What if I told you that many of the treatments currently under development – like Histogen’s HSC, and like virtually all the treatments using stem cells – are harnessing the very same “wounding effect”, but without wounding?

And that’s part of my point. The only thing wounding does is prompt the release of certain growth factors. But usually it does this in quantities too minute to trigger hair growth. So, as a treatment to grow hair, the results are highly unreliable.

HSC is nothing but a combination of the very same growth factors triggered by wounding – but it delivers them in a much more reliable way. When HSC is injected, you know exactly how much of these things are being put into the skin.

Activated stem cells are also associated with the release of the growth factors necessary for follicular activity and hair growth.

Please understand what I’m saying here. You’re focusing on wounding like it’s some kind of unique, mysterious solution to regrowing hair, as if it can produce effects that are possible no other way.

I’m saying that the underlying results of wounding are not mysterious at all – they are all known, and now we’re at the point where we can get the effects of wounding without actually doing the wounding – in fact, much more reliably.


#18

Let’s have a contest.

You go get whatever growth factors you like. Inject them all over 1 square inch of your balding/receding hairline.

I will dermabrade 1 square inch of my hairline.

This will be a one-time treatment. No repeat treatments, no oral Finasteride, no topical Minox, nothing.

In 5 years, we will meet up, with before/after pics, and compare who has regained more/thicker terminal hairs on that square inch.

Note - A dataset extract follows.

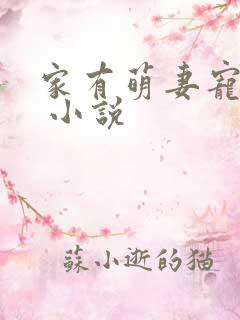 家有萌妻宠上天 小说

I don’t give a s**t how well the subject appears to have been explained by existing research. They are still not producing the same end result with growth factors as nature does from wounding. Nature’s end results are better than researchers’ end results. Therefore the topic is not adequately understood by researchers.


#19

I’m interested in a practical, long-term solution, without drawbacks like having to regularly traumatize the skin.

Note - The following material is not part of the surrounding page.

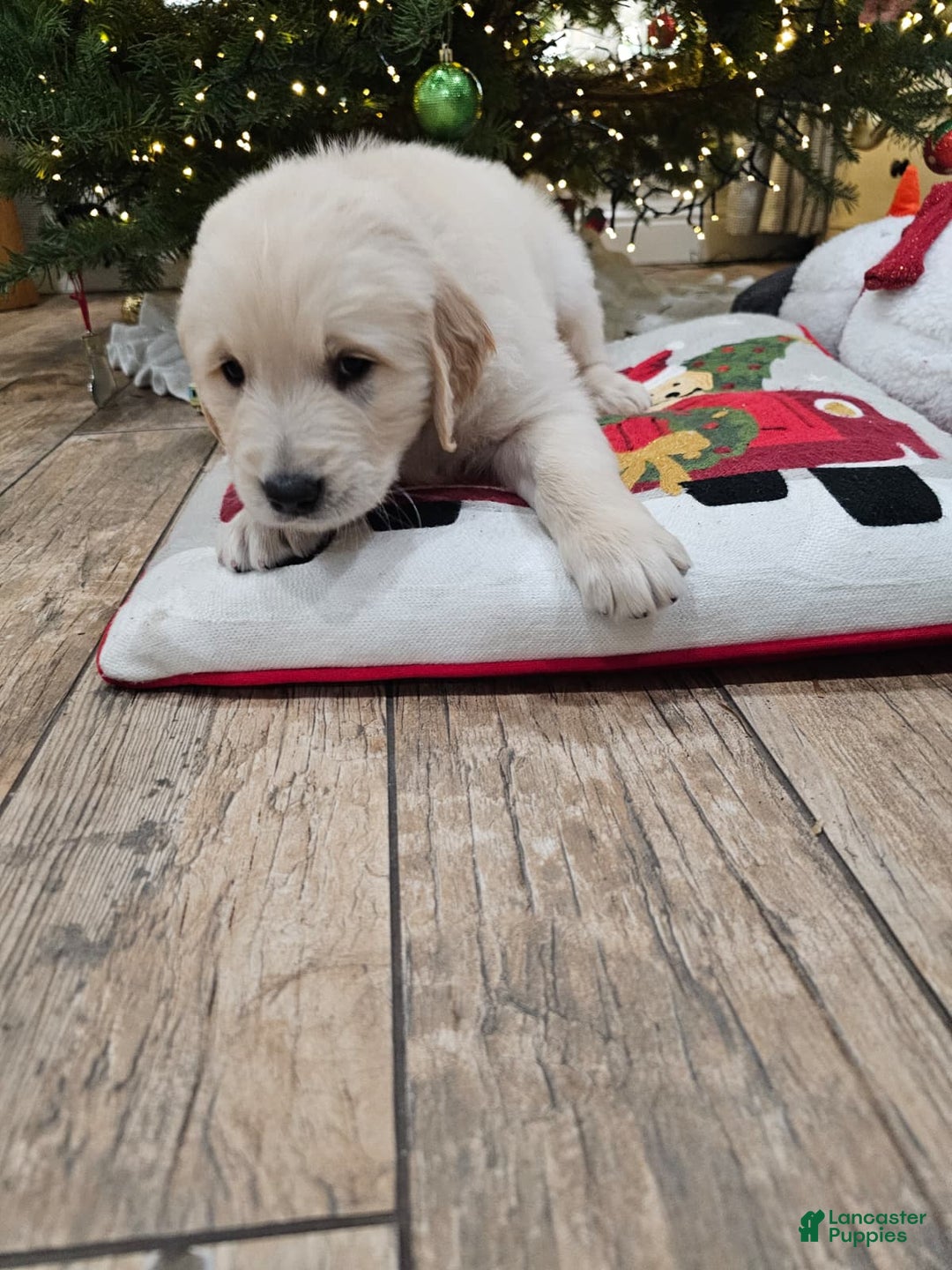Golden Retriever dogs for sale: Golden Retriever Puppy 4 - Ad 48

Your proposition is a straw man, because it’s a one-time application. I’m not interested in comparing results of one-time applications of anything, because there’s too much of a chance of the results being skewed by paradoxical and anecdotal responses.

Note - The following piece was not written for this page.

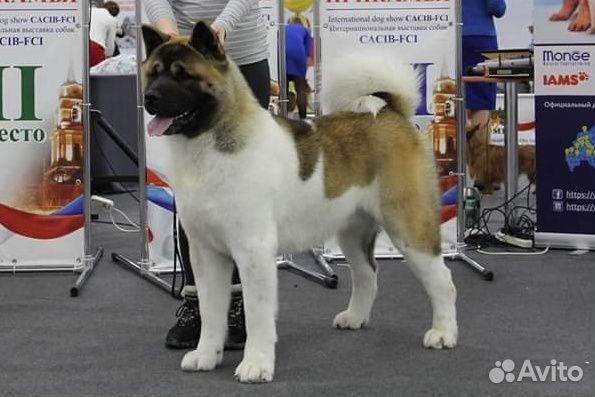 Профессиональный груминг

At this point, I’m interested in treatments that actually would form the basis of something like a viable cure, and which actually have a realistic chance of getting to market.


#20

[quote]I’m interested in a practical, long-term solution, without drawbacks like having to regularly traumatize the skin.

Your proposition is a straw man, because it’s a one-time application. I’m not interested in comparing results of one-time applications of anything, because there’s too much of a chance of the results being skewed by paradoxical and anecdotal responses. [/quote]

I keep talking about potential gains from one-time wounding. You keep responding as if I’m advocating repeated woundings. Who is straw-manning here?

My point is valid and you know it. I’m sorry if the implications of this conflict with your preferred idea of what wounding is capable of.

Neither of us knows of anything practical and near the market. Not me, and not you either. I’m just pointing out that the wounding avenue has more practicality & supporting evidence than it gets credit for.